Tuesday 9 June 2015

One Life My Mother's Story by Kate Grenville

How do you write the story of your own mother's life with love and compassion, but also honesty, frankness and objectivity? And how do you make it interesting and meaningful to people outside your immediate family?

How do you write about someone who you are so close to; whose very history is so intricately bound to your own?

One of the ways that Grenville has achieved this is by stopping One Life at her own birth. She also declared early on her intentions:
My mother wasn't the sort of person biographies are usually written about. She wasn't famous, had no public life beyond one letter published in the Sydney Morning Herald, did nothing that would ever make the history books....
Not many voices like hers are heard. People of her social class...hardly ever left any record of what they felt and thought and did. They often believed their lives weren't important enough to write down....As a result, our picture of the past is skewed towards the top lot.
I was reminded of Clare Wright's preface in The Forgotten Rebels of Eureka, where she challenged the myth of no women in the goldfields.

Here, Grenville is challenging the history books to find the quieter, family stories within. She explores the domestic dramas of early twentieth century Australia to show us how they still impact on many of us today.

Like Grenville, my grandparents were god-fearing, working class folk. Hardship, doing without and getting on with it were the common lot. Physical love and affection were just two of the things that seemed to be 'done without' in many of these families.

Grenville, also firmly places her mother's experiences within the social context of the time between the wars. The difficulties in getting a higher education if you were a woman and, even harder, getting a job during the Depression. Giving up your career to have children, struggling to resume work with limited child care options and no support at home from your husband. Staying in a loveless marriage for the sake of the kids; knowing there was nowhere else to go anyway.

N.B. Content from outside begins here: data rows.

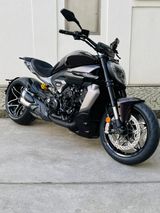 Ducati XDiavel V4 - Black Lava - jetzt bestellen - CHOPPER LA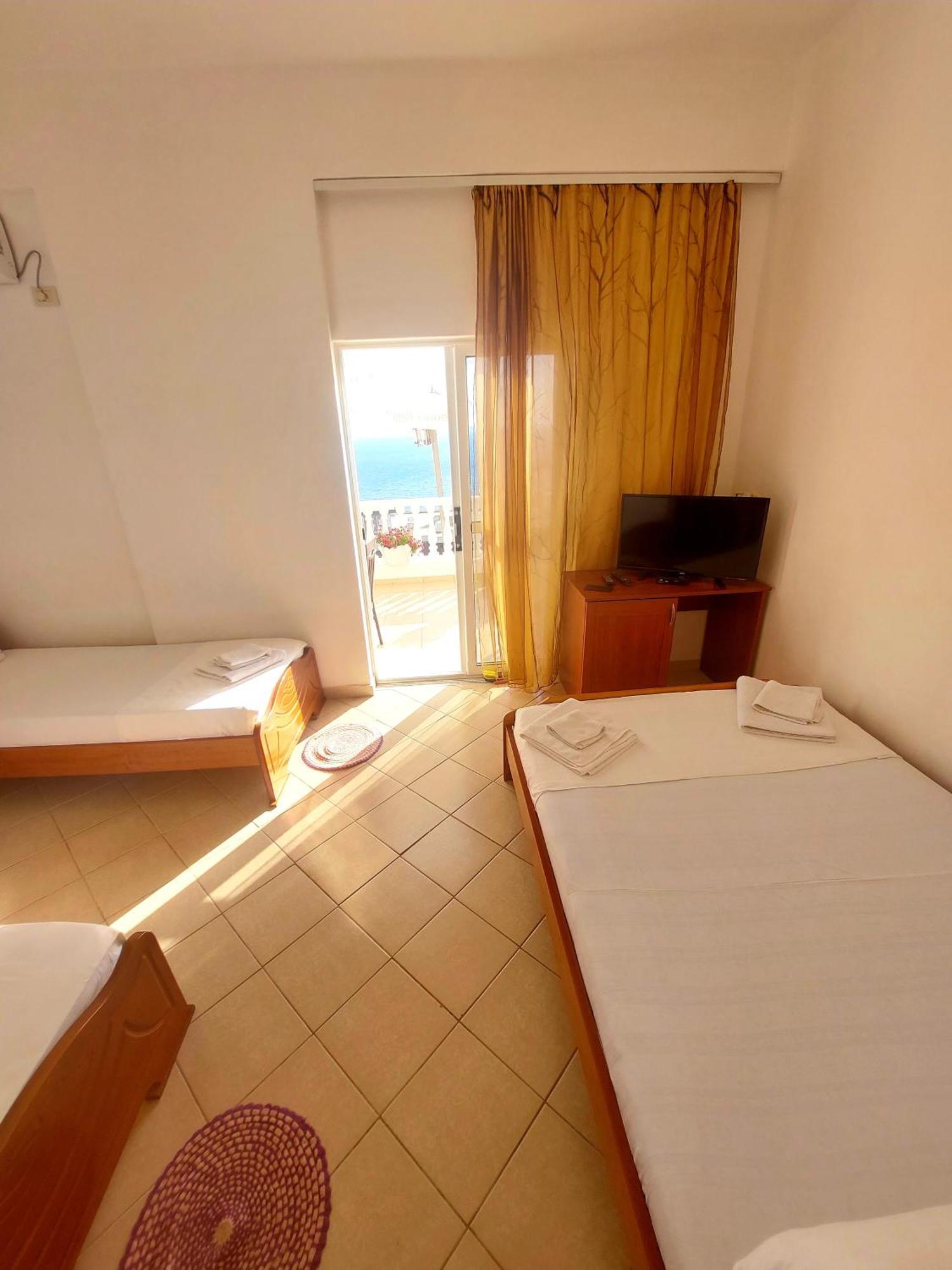 Makla Lägenhet Sarandë Rum bild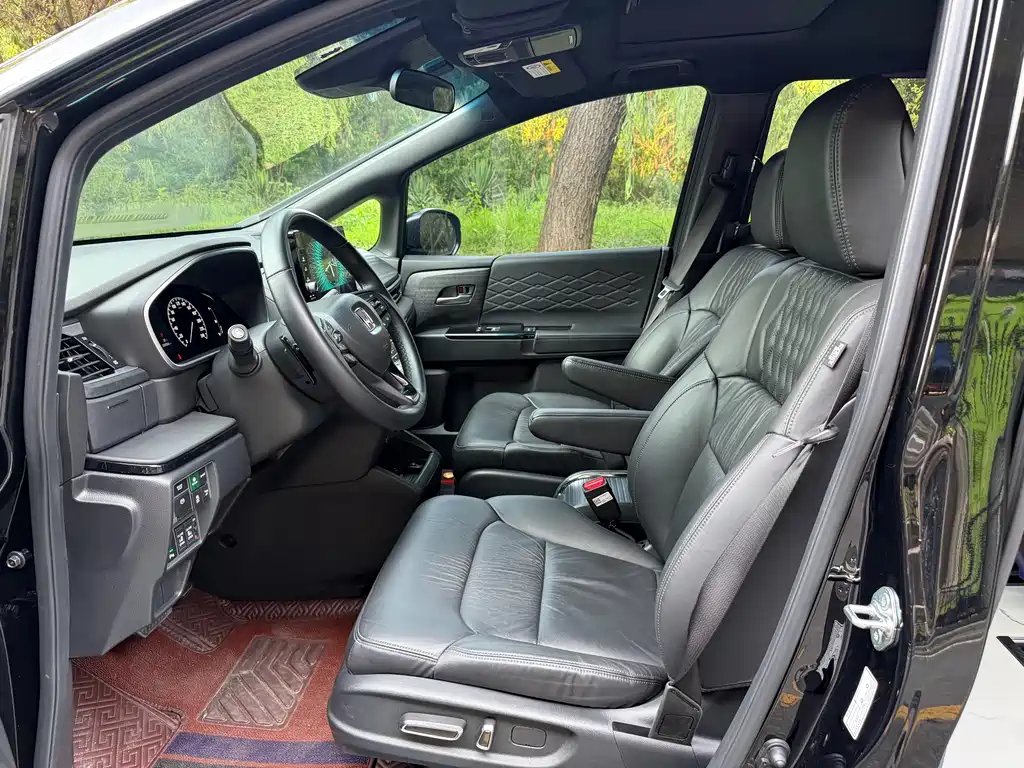 Elysion 2.0 L e:HEV Luxury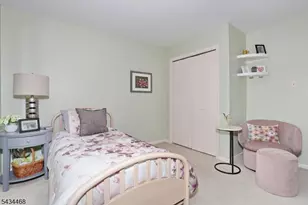 164 Winchester Ct, Washington Township, NJ 07676 - Photo 14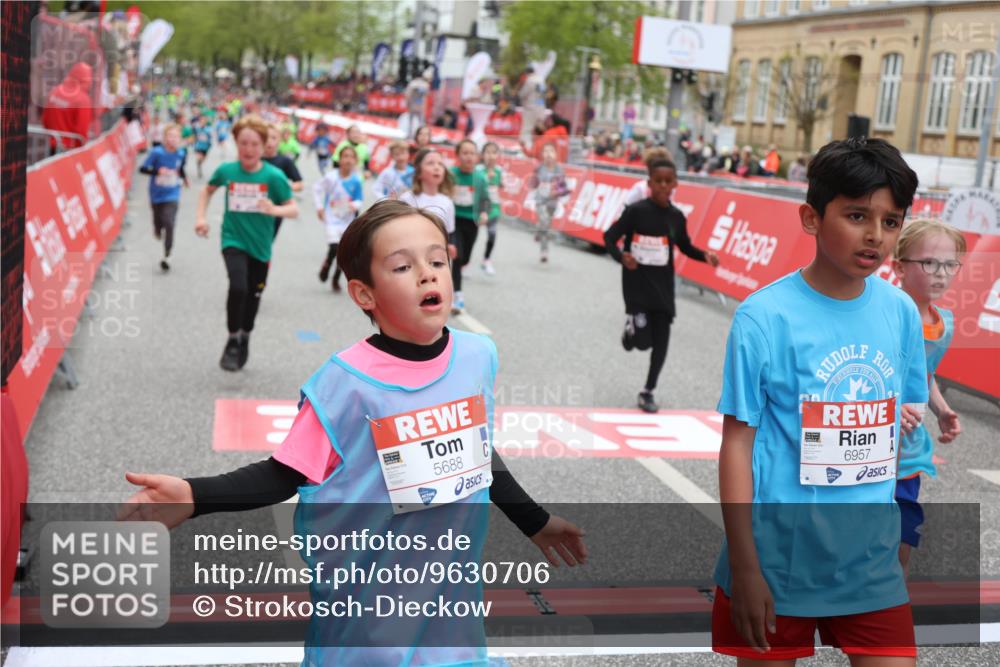 25.04.2026 - Das Zehntel Strokosch-Dieckow http://msf.ph/oto/9630706 25.04.2026 10:52:09 Ziel 5120, 5415, 5518, 5688, 5753, 5761, 6055, 6124, 6350, 6659, 6691, 6712, 6936, 6951, 6957, 7178, 7182, 7321, 7545, 7723, 7729, 7900, 7910, 7911, 7952, 7973, 8039 meine-sportfotos.de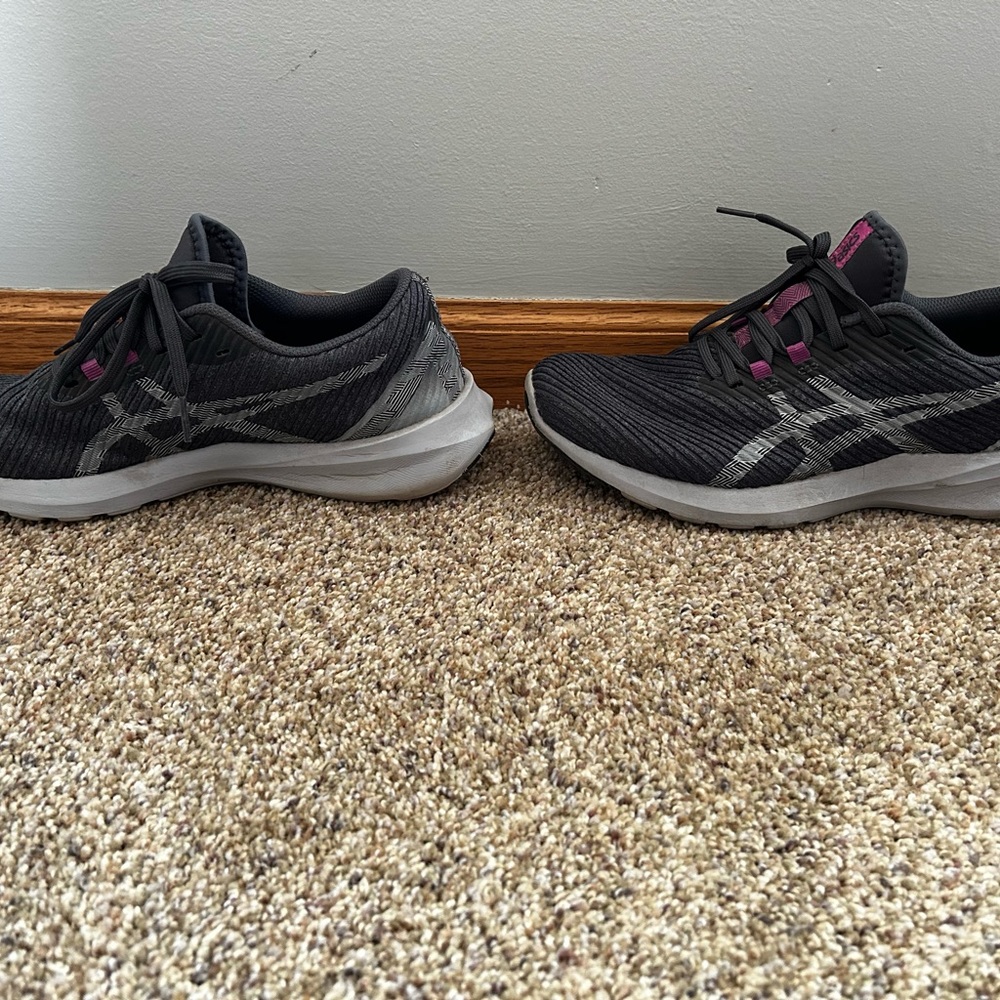 Women’s ASICS - Picture 5 of 5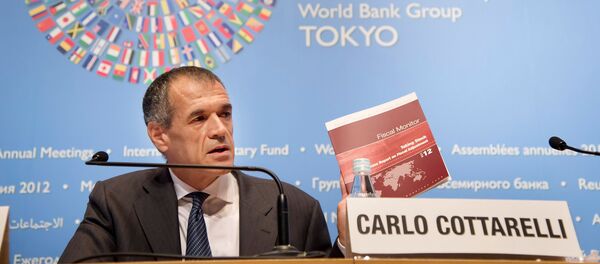 Архивска фотографија: Директор Међународног монетарног фонда Карло Котарели на Међународном форуму у Токију - Sputnik Србија
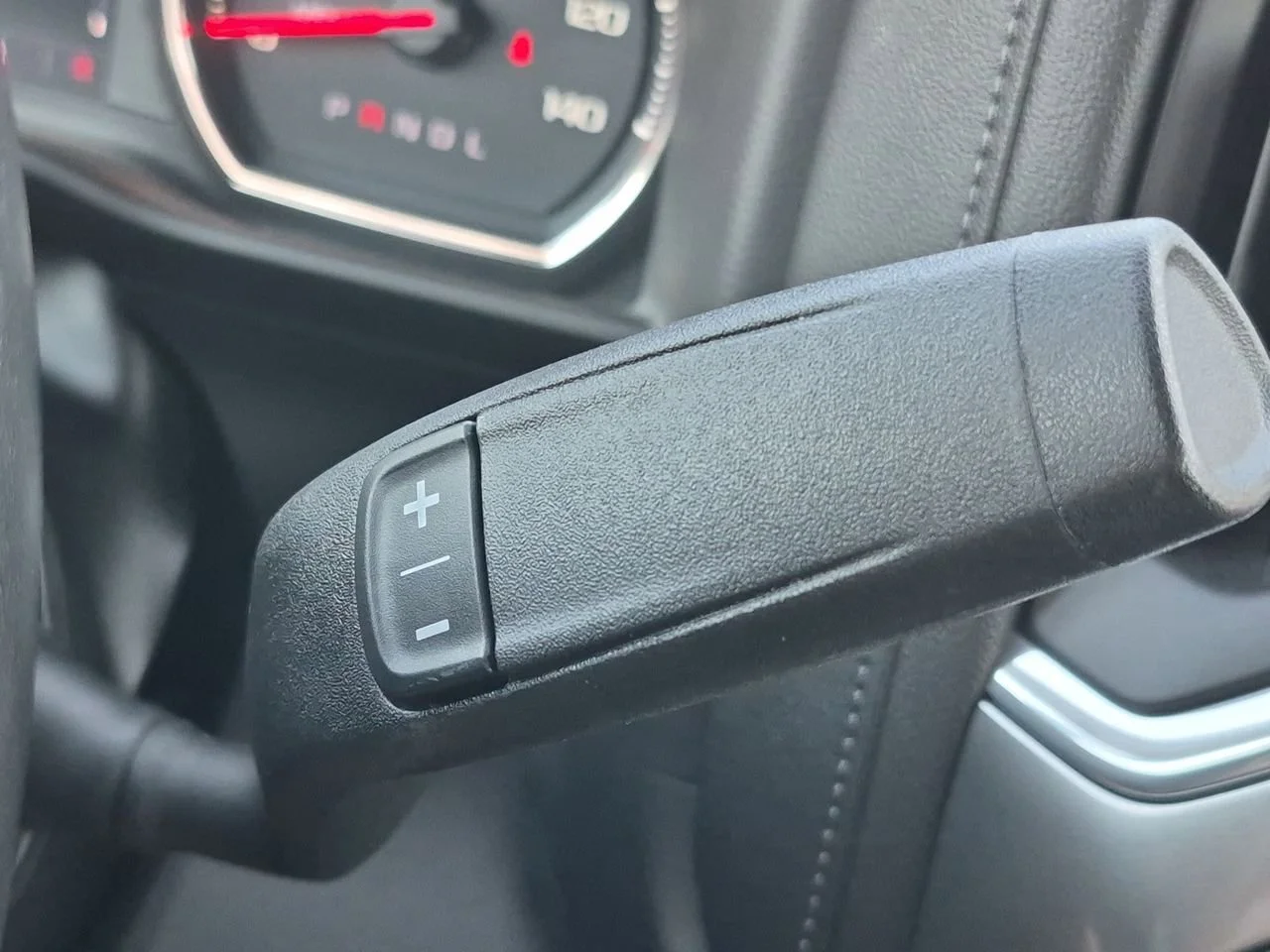 Used 2021 SUMMIT WHITE Chevrolet LT Trail Boss image 15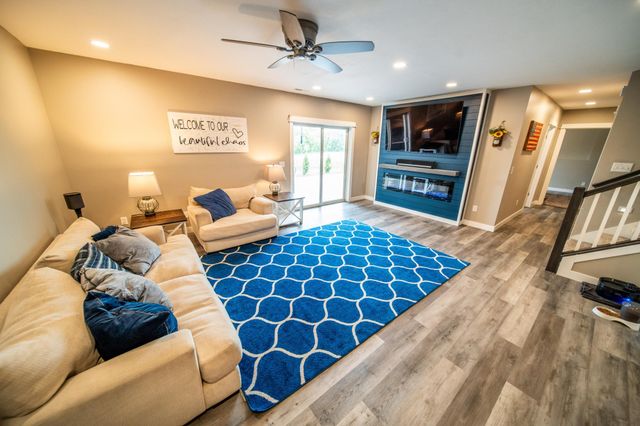 695 Marcus Pl NE, Byron, MN 55920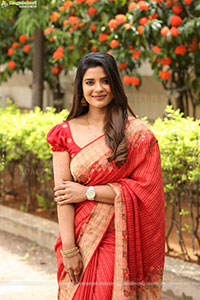 Aishwarya Rajesh at Oh Sukumari Teaser Launch Event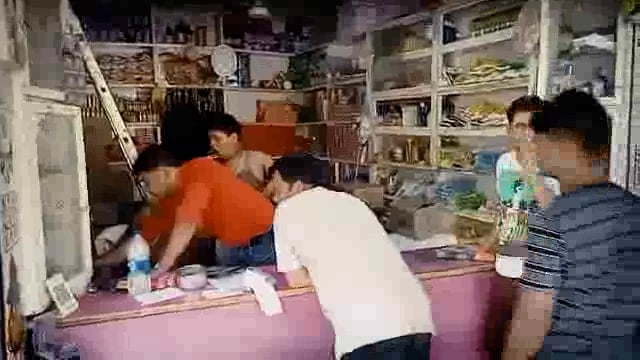 शहर के बंगाली टोला मोहल्ले से अज्ञात चोर ने बोलेरो कार चोरी कर हुआ फरार सीसीटीवी में कैद हुई वारदात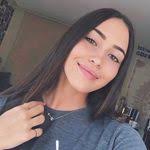 Debra Cade's Instagram, Twitter & Facebook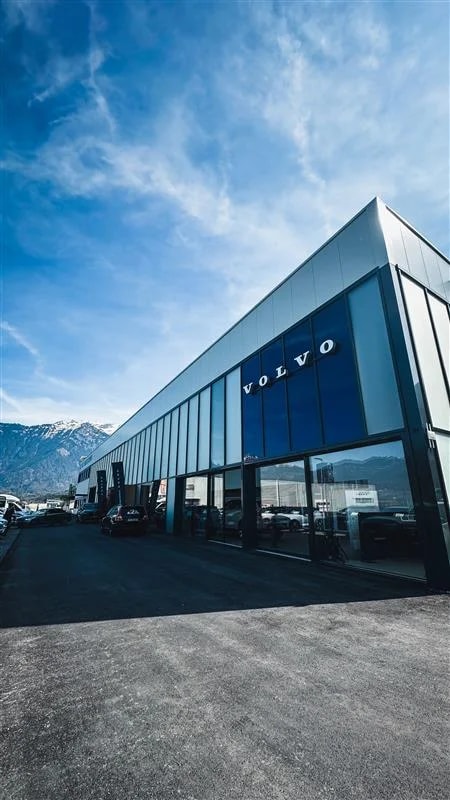 VOLVO V60 B5 AWD Benzin Mild Hybrid Plus Dark Geartronic-image-0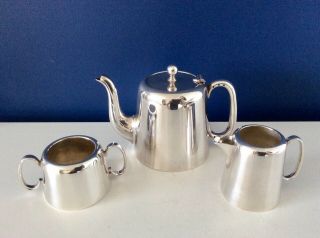 Fine Quality Antique Hotelware Silver Plated 3 Piece Tea Set C1920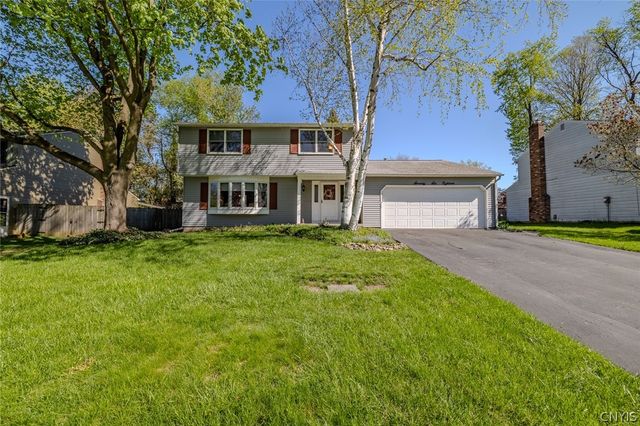 7618 Sandy Lane, Clay, NY 13212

At one point, Nance discovers the writing of Elizabeth Taylor. She couldn't put her book down as,
Elizabeth Taylor proved what Nance had always known, that the quiet domestic dramas of women's lives might be invisible to men, but they mattered just as much.
This book matters too. It's part of our shared history. These are the families who worked the farms that fed us, ran the pubs and grocery stores and built our roads. And women, like Nance, with all their foibles and complexities and contradictions, are the people who cared for us, gave us our first lessons in life and who fought, one social constraint at a time, to give us the freedoms and equality that we enjoy today.

This review is part of my Australian Women Writers challenge.